Allowing users to ‘sling’ photos and videos spontaneously to friends, the instant camera app shares many features with the popularly used Snapchat.
However, there is one feature that sets it apart from other instant communication apps – users are required to reply others with their own photos prior to seeing the photos that have been sent to them.
Through this new instant camera system, users are therefore required to ‘unlock’ photos sent to them by responding with a photo of their own. Presented as an opportunity to “make everybody a creator and nobody… a spectator,” the feature pressures both senders and recipients to engage in the communication and capture their own moments.
Some have criticised the compulsory sharing feature, claiming that users will send back meaningless content just to unlock new shots. One reviewer, Hanna Becker, exclaimed: “in just a weekend of using Slingshot, I received far more images of blank walls and ceilings than duck faces and lunches.”

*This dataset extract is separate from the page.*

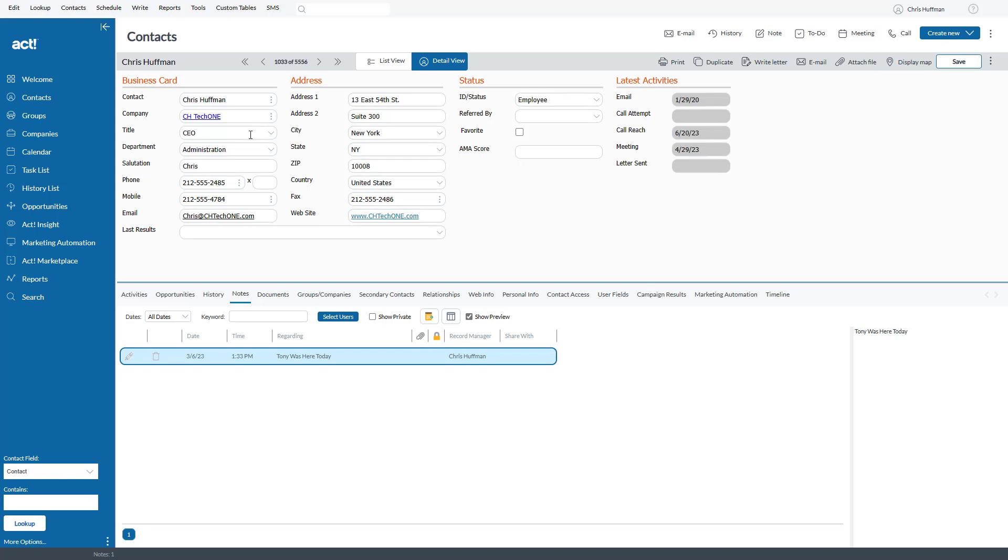Greetings, everyone. This is Tony Hollowitz, and I want to show you how to edit an email address in ACT Premium Cloud.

Users who made the switch from Snapchat may have to realise that they should only send photos that will be worthwhile for friends to unlock.
Like in Snapchat, users are able to write and draw on their pictures. Friends can easily be found through the phone’s contacts and Facebook, and the intuitive interface makes sending photos to multiple recipients easy.
Slingshot is currently available on the Playstore and the App Store for free.